To answer the question, Wellington's Victory—or, in German, Wellingtons Sieg—was entangled with its political context in the outset, so judging its popularity by separating its context from its aesthetic qualities is impossible. Let me touch on the political and aesthetic qualities of the piece in turn.

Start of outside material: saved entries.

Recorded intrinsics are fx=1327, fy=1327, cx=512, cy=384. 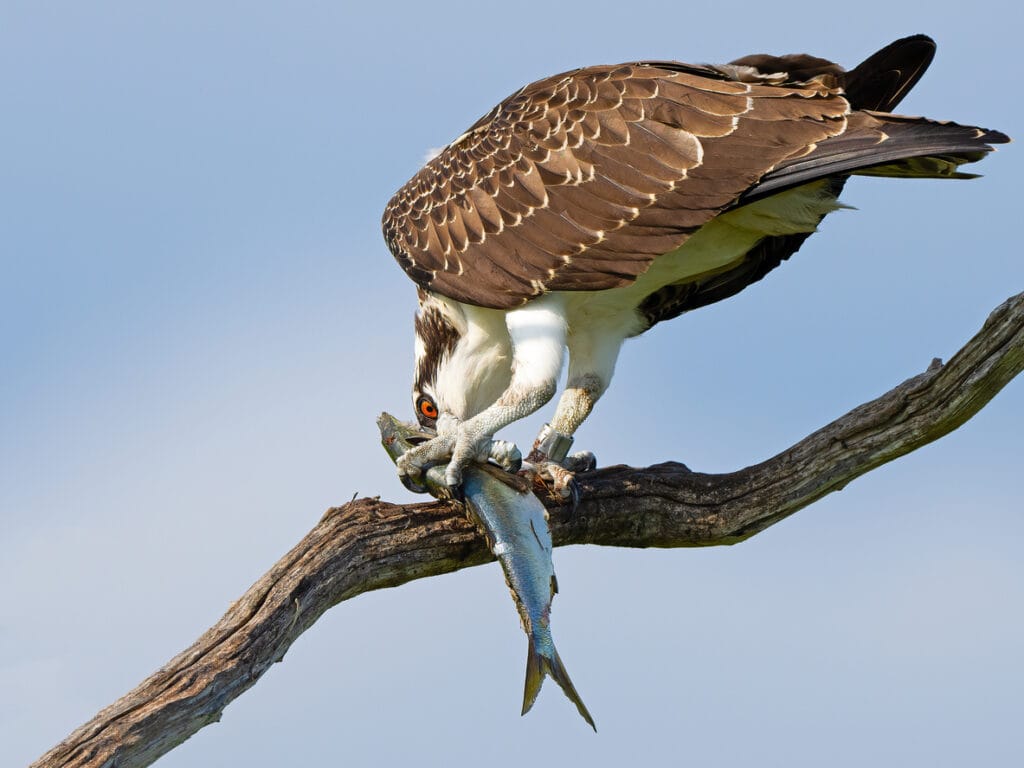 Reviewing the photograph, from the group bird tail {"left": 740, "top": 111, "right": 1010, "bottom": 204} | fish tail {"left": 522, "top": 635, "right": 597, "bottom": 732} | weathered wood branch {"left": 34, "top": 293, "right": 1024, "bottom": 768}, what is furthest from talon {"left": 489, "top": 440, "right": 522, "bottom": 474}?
bird tail {"left": 740, "top": 111, "right": 1010, "bottom": 204}

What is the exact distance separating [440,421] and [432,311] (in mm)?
608

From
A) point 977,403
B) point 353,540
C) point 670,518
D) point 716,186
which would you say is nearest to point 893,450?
point 977,403

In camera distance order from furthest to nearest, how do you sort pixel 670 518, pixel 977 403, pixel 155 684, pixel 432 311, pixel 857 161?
pixel 432 311 → pixel 670 518 → pixel 977 403 → pixel 857 161 → pixel 155 684

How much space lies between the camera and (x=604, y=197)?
5980mm

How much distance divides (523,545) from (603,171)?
1719 mm

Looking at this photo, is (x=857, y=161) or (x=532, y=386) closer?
(x=857, y=161)

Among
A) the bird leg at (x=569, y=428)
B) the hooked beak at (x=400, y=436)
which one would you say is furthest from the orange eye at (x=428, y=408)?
the bird leg at (x=569, y=428)

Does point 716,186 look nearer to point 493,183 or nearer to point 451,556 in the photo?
point 493,183

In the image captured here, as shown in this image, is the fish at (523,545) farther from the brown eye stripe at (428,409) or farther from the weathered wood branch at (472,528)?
the brown eye stripe at (428,409)

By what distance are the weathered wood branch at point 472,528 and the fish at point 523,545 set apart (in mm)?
176

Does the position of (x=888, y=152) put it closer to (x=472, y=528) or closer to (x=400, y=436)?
(x=472, y=528)

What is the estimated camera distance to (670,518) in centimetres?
657

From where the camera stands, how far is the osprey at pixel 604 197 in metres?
5.76

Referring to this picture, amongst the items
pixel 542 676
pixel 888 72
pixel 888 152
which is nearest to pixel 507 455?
pixel 542 676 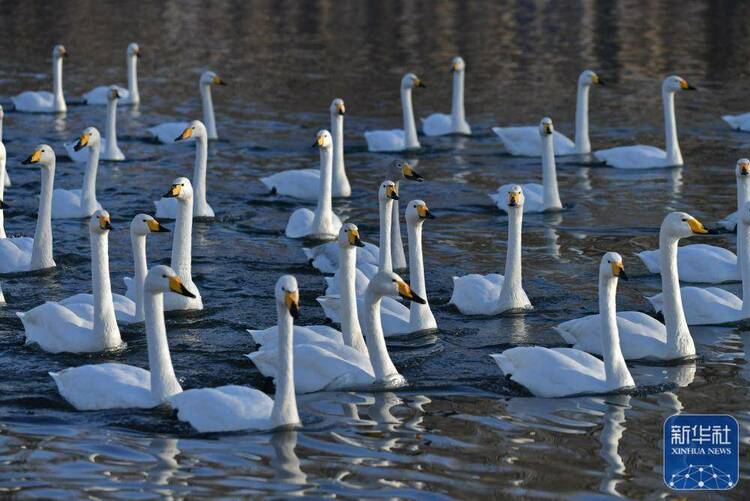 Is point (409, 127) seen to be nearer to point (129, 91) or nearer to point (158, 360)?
point (129, 91)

Wellingtons Sieg was comissioned by Johann Nepomuk Mälzel (aka. the guy who gave Beethoven his ear trumpets) for celebrating Wellington's success in the Battle of Vittoria. It was, further, made to be played on Mälzel's panharmonicon, which was a mechanical orchestra based off of barrel organ technology. At the very same time, real barrel organists would have been in the streets playing lowbrow pieces that celebrated Wellington, so the piece had common themes with the popular music of the day. Thus it is unsurprising that Beethoven wrote Wellingtons Sieg was "nothing but an occasional piece" [nichts als ein Gelegenheitsstück], but he did not mean it pejoratively; he was acknowledging its historicity.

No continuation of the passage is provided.